Y A R G I T A Y   İ L A M I

Taraflar arasında görülen ve yukarıda açıklanan davada yapılan yargılama sonunda Mahkemece, elatmanın önlenmesi, ecrimisil davasının kabulüne karar verilmiş olup, hükmün duruşma yapılması suretiyle Yargıtayca incelenmesi duruşmalı olarak davacı vekili, duruşmasız olarak davalı vekili tarafından istenilmiştir. Dosya incelenerek işin duruşmaya tabi olduğu anlaşılmış ve duruşma için 23.03.2021 Salı günü tayin edilerek taraflara çağrı kağıdı gönderilmişti. Duruşma günü temyiz eden davacı vekili Av. İ.P. geldi.

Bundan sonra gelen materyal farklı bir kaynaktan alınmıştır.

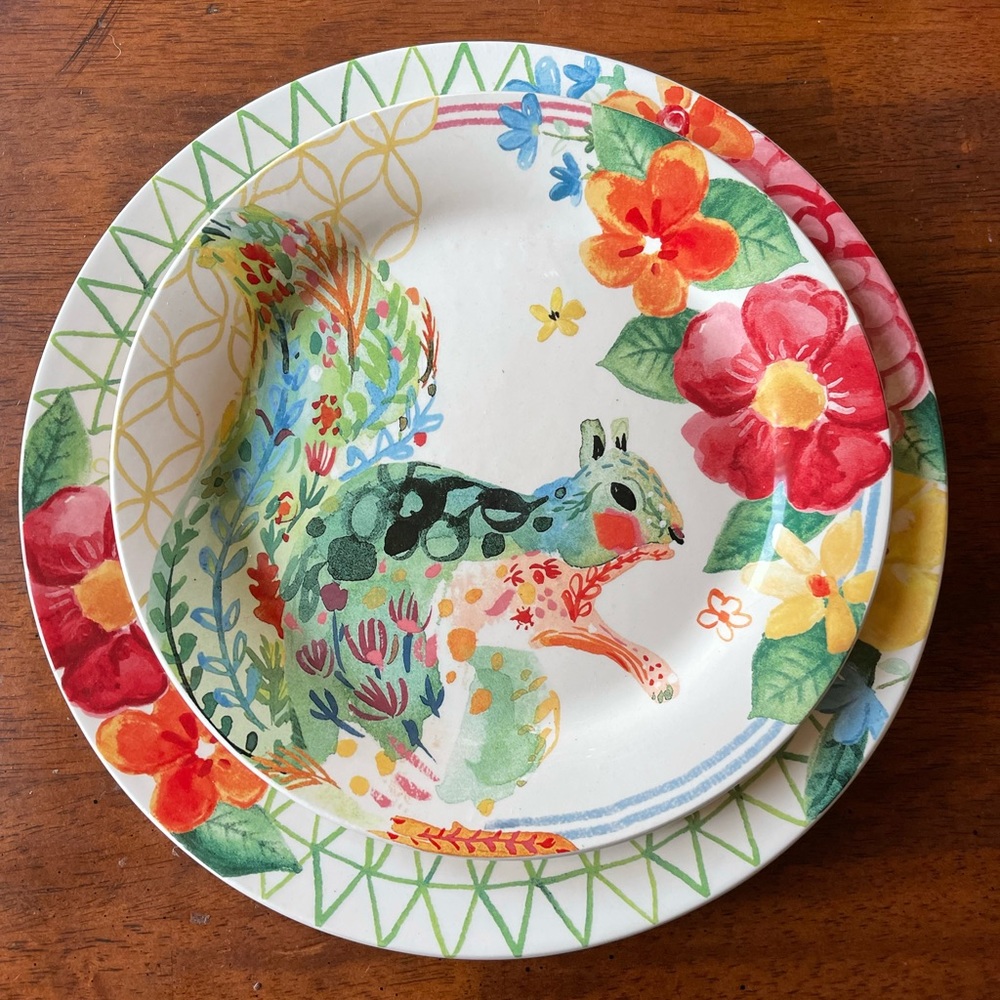 Pier 1 NEW spring Easter squirrel ironstone floral salad & dinner plate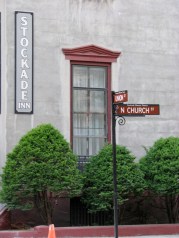Stockade Historic District street signs at Union and N. Church Sts looking west toward the Stockade Inn - 27May2010
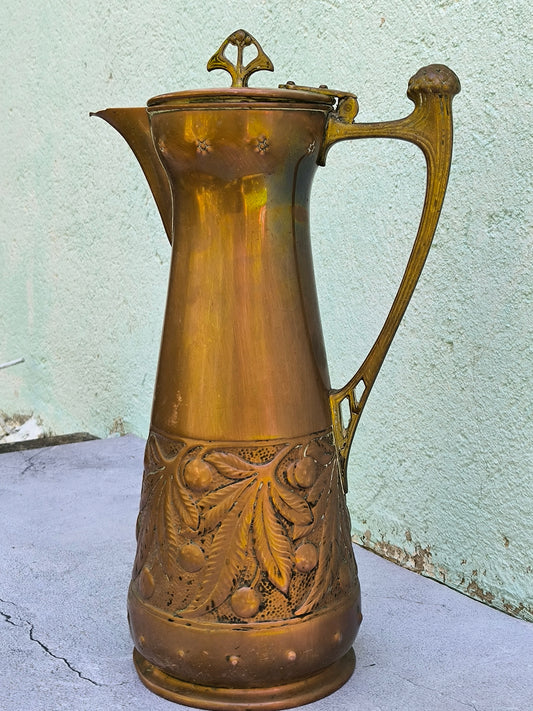 Antique Art Nouveau Jug WMF Germany c.1900-1910, Jugendstil Large Copper Brass Pitcher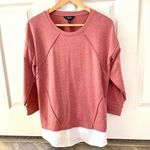 Vera Wang Simply Vera  pinkish long sleeved shirt with white layer underneath Photo 1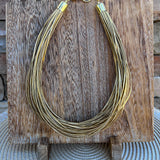 Lily Leatherette Strand Necklace in Gold- The Pink Pineapple 850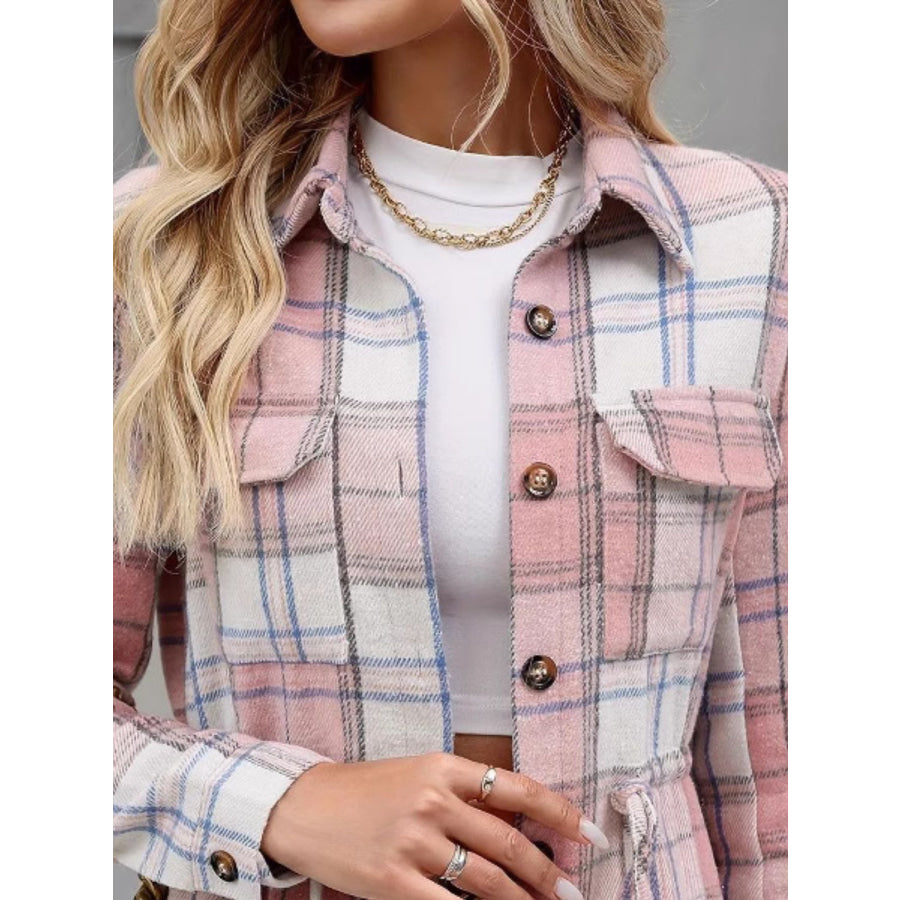 Drawstring Plaid Button Up Jacket with Chest Pockets Apparel and Accessories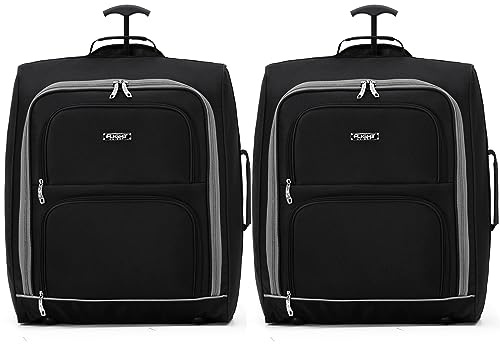 Flight Knight 2er-Set Handgepack-kabinenkoffer, Von Easyjet Zugelassen (Overhead), Große, Leichte Tasche Mit 2 Rollen, Ideal Fur Flugreisen, 56 X 45 X 25 cm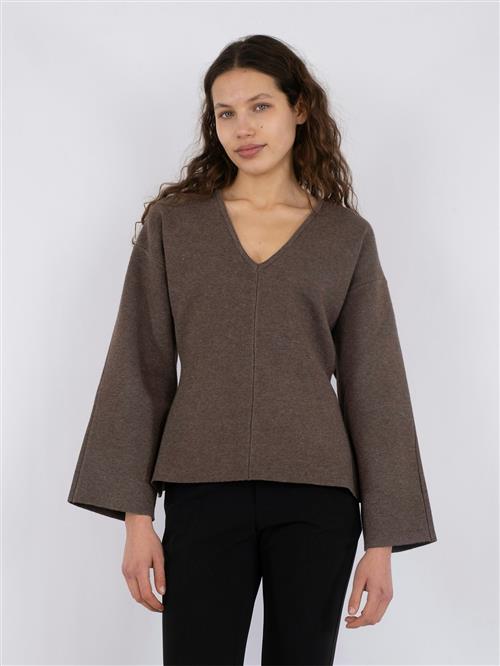 Se Neo Noir Linda Knit Blouse Kvinde Mocca Sweaters Str 40 - hos Magasin ved Magasin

Karşı taraftan gelen olmadı. Duruşmaya başlanarak temyiz isteğinin süresi içinde olduğu anlaşıldıktan ve hazır bulunanların sözlü açıklaması dinlendikten sonra duruşmaya son verilerek; dosya incelendi, gereği düşünüldü:

KARAR

Davacı vekili, vekil edenlerinin 7057 ada 8 parselin malikleri olduğunu, davalıya ait İmar Yasasına aykırı binanın vekil edenlerinin taşınmazına kısmi tecavüzünün söz konusu olduğunu belirterek, dava konusu taşınmaza davalı tarafından yapılan elatmanın önlenmesine ve binanın tecavüzlü kısmının kal’ine karar verilmesini istemiştir.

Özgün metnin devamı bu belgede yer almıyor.